You probably already know that additive manufacturing has found a place in product development recently, allowing for quick one-off or small batch fabrication. In fact, you may use the machinery in your company today for prototyping, jigs, or even spare parts.
As for generative design, this cutting-edge technology hasn’t reached many designers yet, but it’s promising to revolutionize everything we thought we knew about how products should look and feel.
Put the two together, however, and that’s when things get really interesting.
Generative design is a technology that automatically creates optimized designs based on the engineering and operational constraints you set. It draws power from your desktop computer or the cloud to offer up dozens - or even hundreds - of options that meet your criteria.
Imagine that you want to minimize the mass of a part, without compromising its performance. In the past, you might have shaved a wall thickness here or expanded an opening there. Now imagine a tool that can explore thousands of those alternatives within seconds, all of them meeting your requirements.
Generative design can even evaluate variants in materials and manufacturing methods, quickly converging on the options that fit your requirements.
While generative design is sophisticated enough to work with traditional methods, additive manufacturing provides the technology the most freedom. It’s not hard to understand why.

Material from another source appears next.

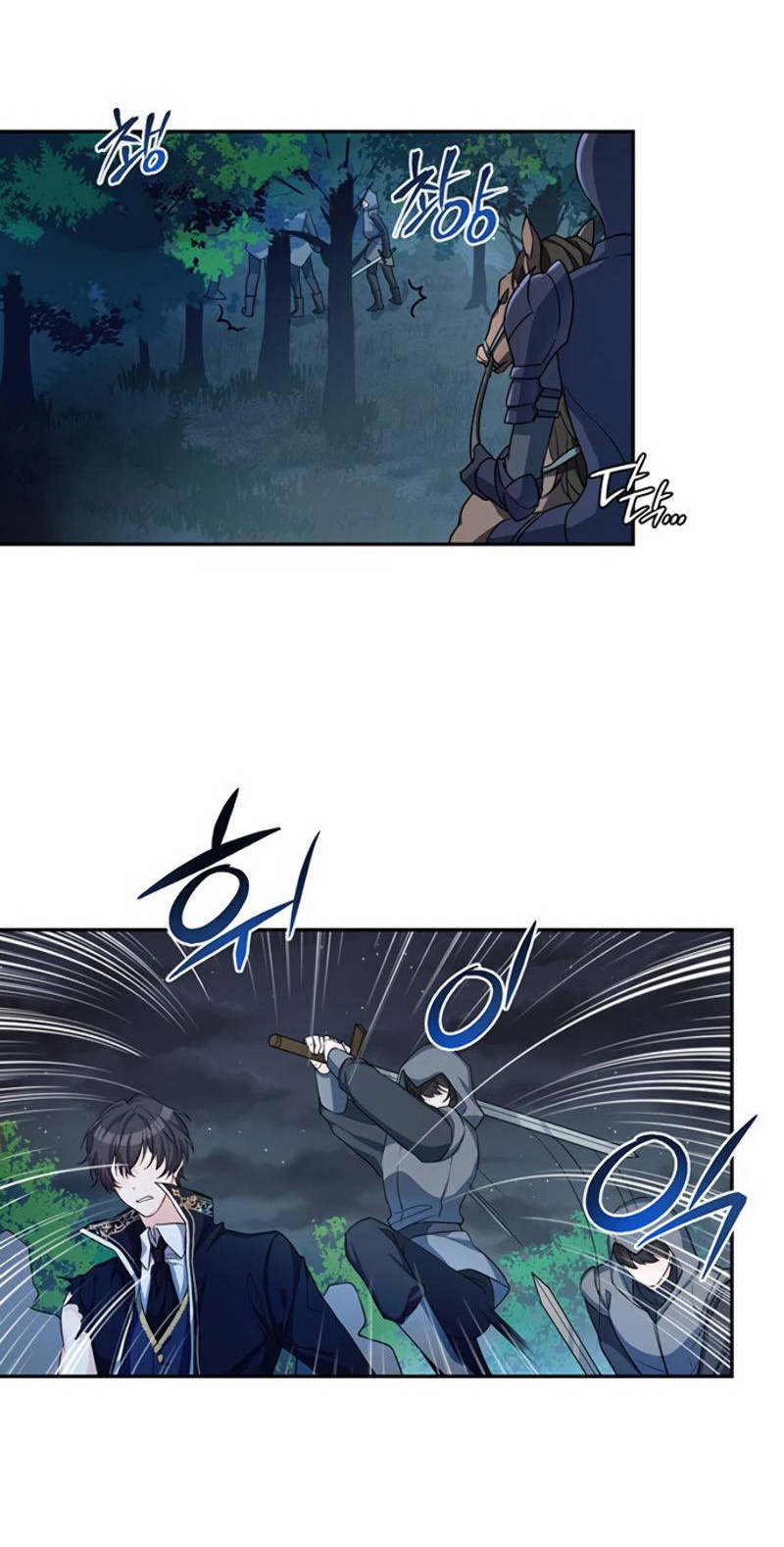 nữ hiệp sĩ tái xuất chapter 2 31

An example of a part created via generative design. The system optimized the two designs on the left for 3-axis milling and cast aluminum. The part on the far right has been created for additive manufacturing, and therefore need fewer constraints.

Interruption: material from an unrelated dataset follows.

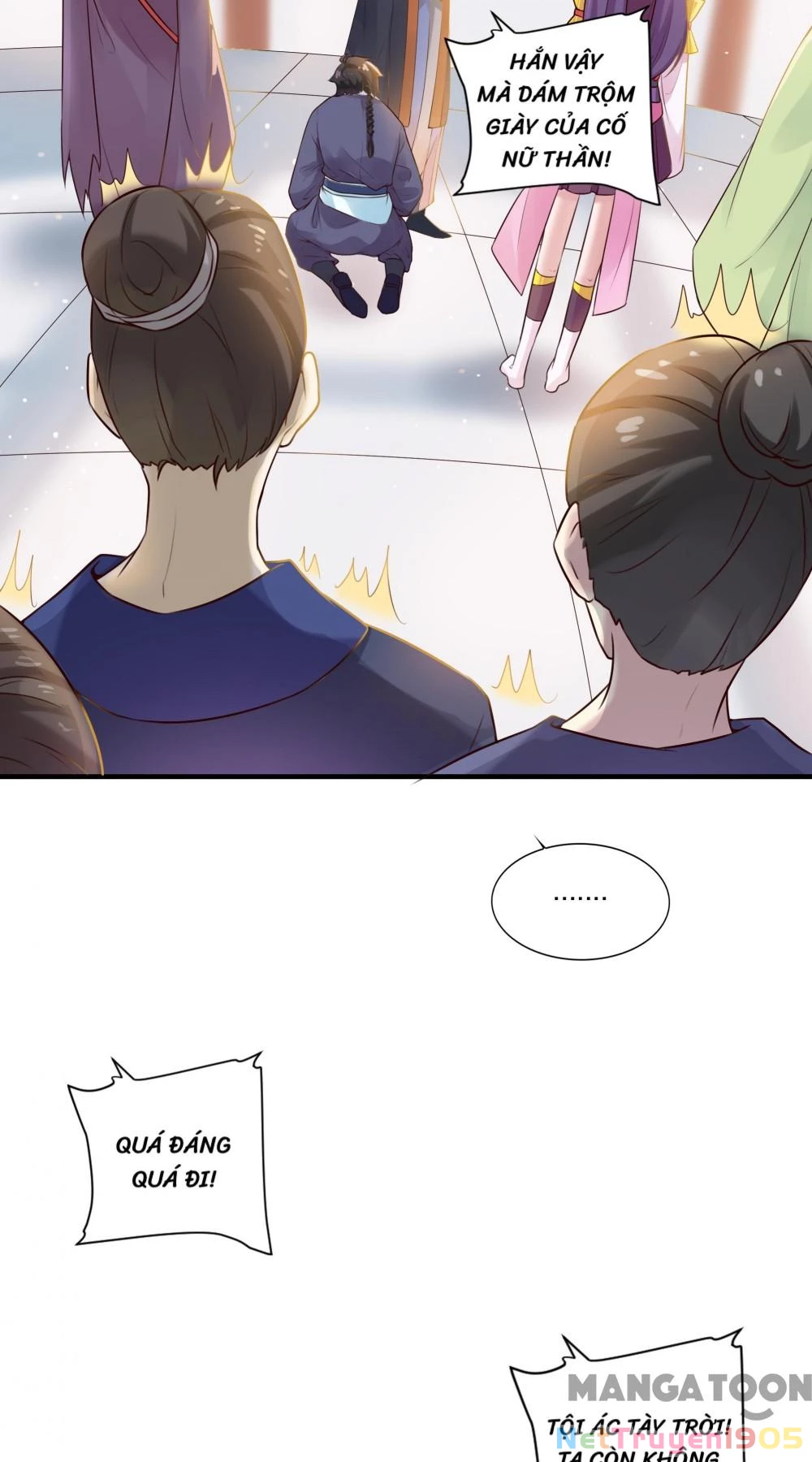 Tiên Ma Đồng Tu Chapter 6 - 26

With additive manufacturing, you don’t have to worry about draft angles, machine setups, etc. As a result, the generative design engine is free to explore shapes that are more organic than those produced for legacy manufacturing methods.
Plus, the material options now include more than just simple polymers. You can choose from metals, ceramics, glass, and composites. In short, additive manufacturing removes many of the constraints imposed by traditional manufacturing.
This might be useful for creating a lighter weight airplane part, a unique prosthetic limb, or even a better performing running shoe.
Generative design converging on the lightest weight design that meets requirements.
The key to making these technologies succeed together lies in your CAD system.
Ideally, your generative design engine operates within your CAD system, and your CAD system communicates seamlessly with your additive manufacturing devices. That way, you have a streamlined system that produces multiple AI-driven designs, then validates your models, optimizes for successful manufacturing, etc. Plus, it’s linked to your existing products, processes, and people.
The result is nothing less than dramatic. Optimal designs you never would have ever imagined now emerge from your CAD system, ready for manufacturing, in record time. Together, generative design and additive manufacturing create opportunities that no design engineer can afford to ignore.